The speech and music sound models are sums of weighted Gaussians placed at time-frequency locations corresponding to a harmonic and temporal structure. This structure models the pitch (F0), onset time, timbre, and duration of musical notes or voicing in phones. Sound models approximate notes and phones in the observation by finding components in the power spectrum that best fit the structure.
The speech sound model is distinguished from the music sound model by their different types and initializations of F0 contours. The music model estimates the F0 of music notes as lines of constant frequency. The speech model estimates the F0s of voiced speech as segments along a continuous, slightly curving contour that does not deviate much from the speaker’s average voicing pitch.
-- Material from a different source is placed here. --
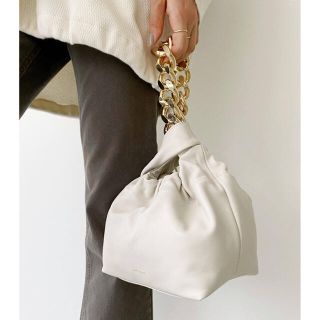 アパルトモンドゥーズィエムクラス(L'Appartement DEUXIEME CLASSE)の【DEMELLIER LONDON】hand bag with chain(ハンドバッグ)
It is assumed that the speaker’s average F0 is given, so that it can be used to initialize the speech model’s parameters and help the model fit to voiced speech with pitch near the average F0. The speech model uses voicing to find phones, but it can also roughly estimate unvoiced speech. The different types and initializations of F0 estimates are the foundation for why the two sound models can distinguish between speech and music and thus separate the two sounds.
The sound models are fit to the observed spectrogram by iteratively updating their parameters in the “expectation-maximization algorithm” (EM algorithm). This algorithm tries to maximize an objective function that measures the similarity between the total GMM and the observed power spectrum. The objective function is biased to favor models with certain preferred characteristics.
An experiment demonstrates that HTC is an effective method for speech enhancement. When HTC is applied to mixtures at low signal-to-noise ratio, there is significant improvement of speech. For mixtures at high SNR, there is little improvement. HTC also provides an estimate of the music signal, but results show that estimated music has good quality only if the mixture is dominated by music and poor quality otherwise. Thus HTC speech-music separation is more applicable to speech enhancement than music enhancement.
|